● **DESCRIPTION OF THE TASK**: An exact copy of the entries is needed, with every picture left out.

-- Opening Marker --

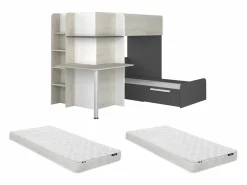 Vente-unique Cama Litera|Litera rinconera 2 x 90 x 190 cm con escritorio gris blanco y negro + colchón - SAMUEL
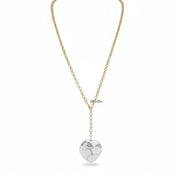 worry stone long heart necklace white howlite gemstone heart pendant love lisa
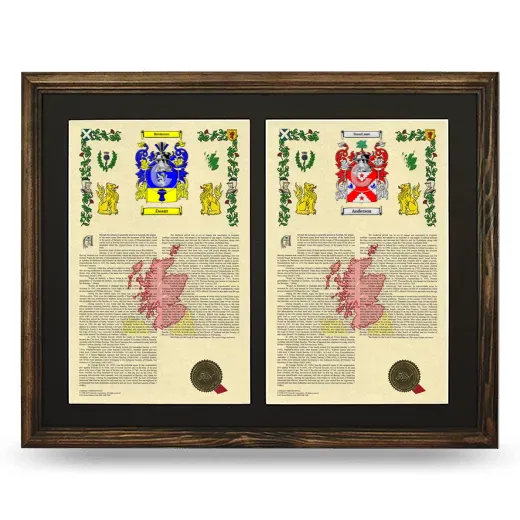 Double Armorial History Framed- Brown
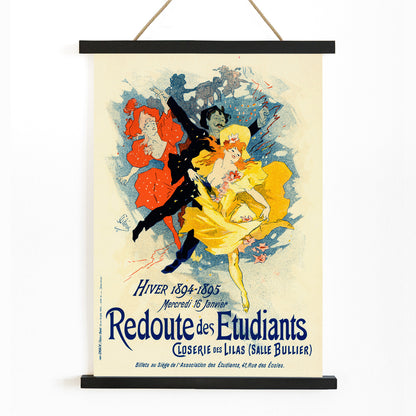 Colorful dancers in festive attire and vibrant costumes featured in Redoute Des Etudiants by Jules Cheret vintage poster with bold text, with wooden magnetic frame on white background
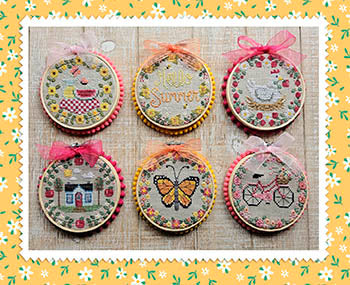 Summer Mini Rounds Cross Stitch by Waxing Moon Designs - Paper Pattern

-- Closing Marker --

● **ANSWER FOR THE TASK**:
 Vente-unique Cama Litera|Litera rinconera 2 x 90 x 190 cm con escritorio gris blanco y negro + colchón - SAMUEL
 worry stone long heart necklace white howlite gemstone heart pendant love lisa
 Double Armorial History Framed- Brown
 Colorful dancers in festive attire and vibrant costumes featured in Redoute Des Etudiants by Jules Cheret vintage poster with bold text, with wooden magnetic frame on white background
 Summer Mini Rounds Cross Stitch by Waxing Moon Designs - Paper Pattern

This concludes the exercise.